I have a question regarding notation in the proof leading up to Mayer-Vietoris sequence. Suppose the manifold $M=U\cup V$. And $i_{1}:U \to M$ and $i_{2}:V \to M$. Then we have a map:

$\alpha_{k}:H_{dR}^{k}\left ( M \right )\rightarrow H_{dR}^{k}\left ( U \right ) \oplus H_{dR}^{k}\left ( V \right )$

$\left [ \omega \right ] \mapsto \left (i_{1}^{*}\left [ \omega \right ] ,i_{2}^{*}\left [ \omega \right ] \right )$

My question is this: why do we have a $\oplus $ here? To me the result looks more like a Cartesian product.
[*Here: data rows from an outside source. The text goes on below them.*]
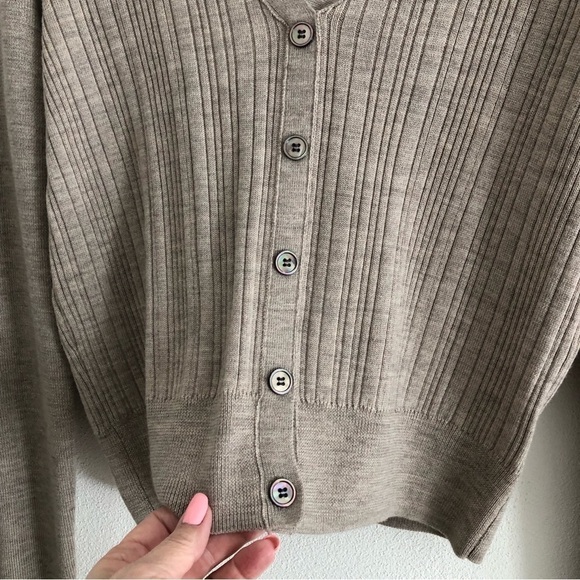 ATM Cardigan Ribbed Merino Wool Fitted Tan Large NWT - Picture 10 of 12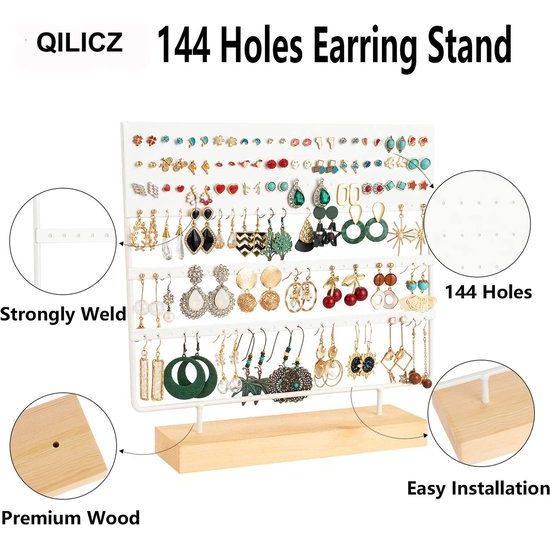 QILICZ Sieradenstandaard, oorbelhouder, oorbelstandaard, 144 gaten, oorstekers, standaard, oorbel, organizer, sieradenhouder, oorsieraad-display, sieradenopslag, 30 x 30 cm, wit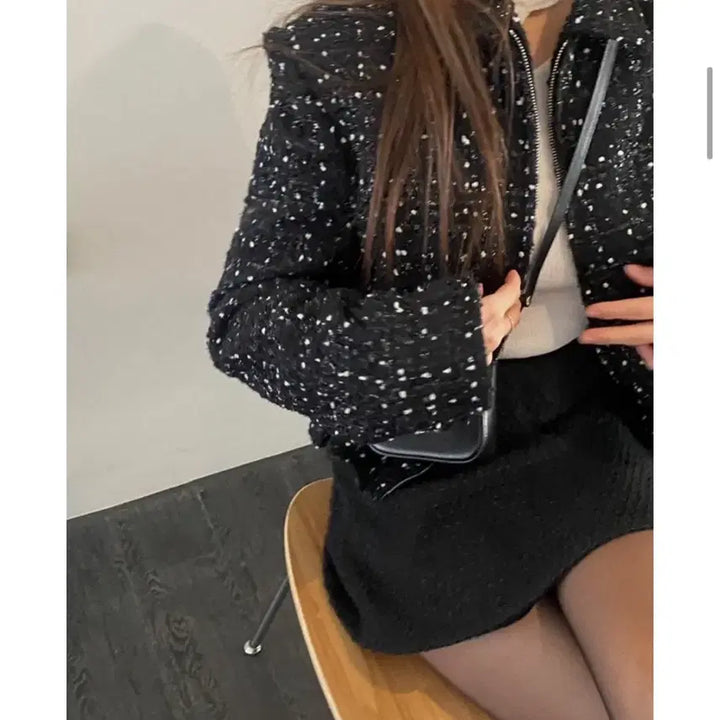 [BUNJANG] KARA Tweed Wool Zip-Up Jacket / 카라 트위드 울 집업 자켓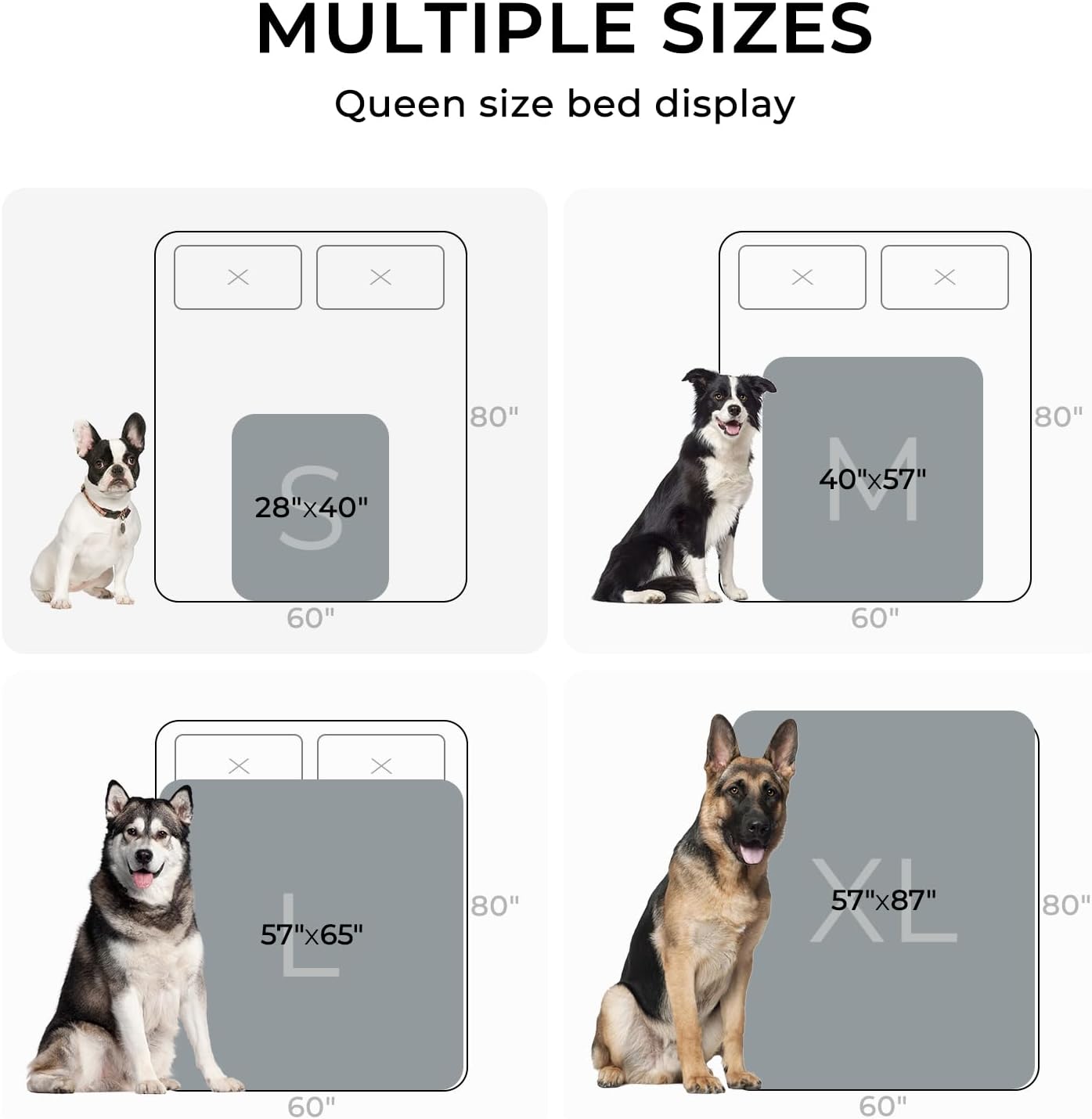 Waterproof Pet Blanket, Liquid Pee Proof Dog Blanket for Sofa Bed Couch, Reversible Sherpa Fleece Furniture Protector Cover for Small Medium Large Dogs Cats, Light Grey King Size(90" x 82")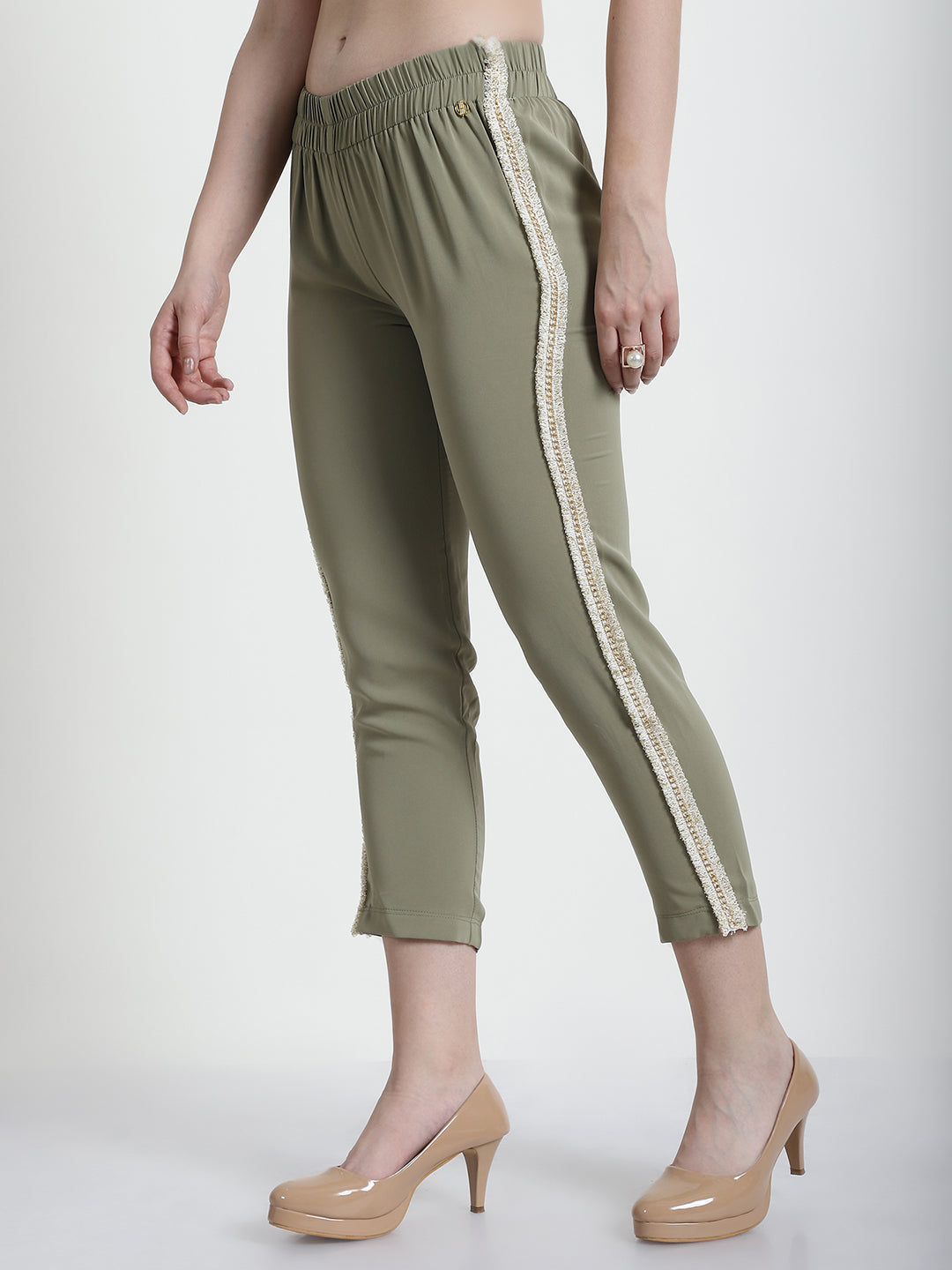 GREEN MILITARY NARROW LEG TROUSER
For instance, I would have written $\alpha_{k}:H_{dR}^{k}\left ( M \right )\rightarrow H_{dR}^{k}\left ( U \right ) \times H_{dR}^{k}\left ( V \right )$ in place of $\alpha_{k}:H_{dR}^{k}\left ( M \right )\rightarrow H_{dR}^{k}\left ( U \right ) \oplus H_{dR}^{k}\left ( V \right )$

So why do we use $\oplus$ and in what sense do we have addition between $i_{1}^{*}\left [ \omega \right ]$ and $i_{2}^{*}\left [ \omega \right ]$ ?

Answer 1

This may just be gibberish, but this is how I understand it. Remember, the cartesian product and direct sum are the same in the finite case, so you are not incorrect. It is just more common to use $\oplus$ when dealing with algebraic objects to denote that there is some underlying structure there. If you simply write $X \times Y$, one would think that you are simply wanting to look at all tuples $(x,y)$. On the other hand, $X \oplus Y$ suggests that you also have an operation defined on $X \times Y$, hence the extra structure.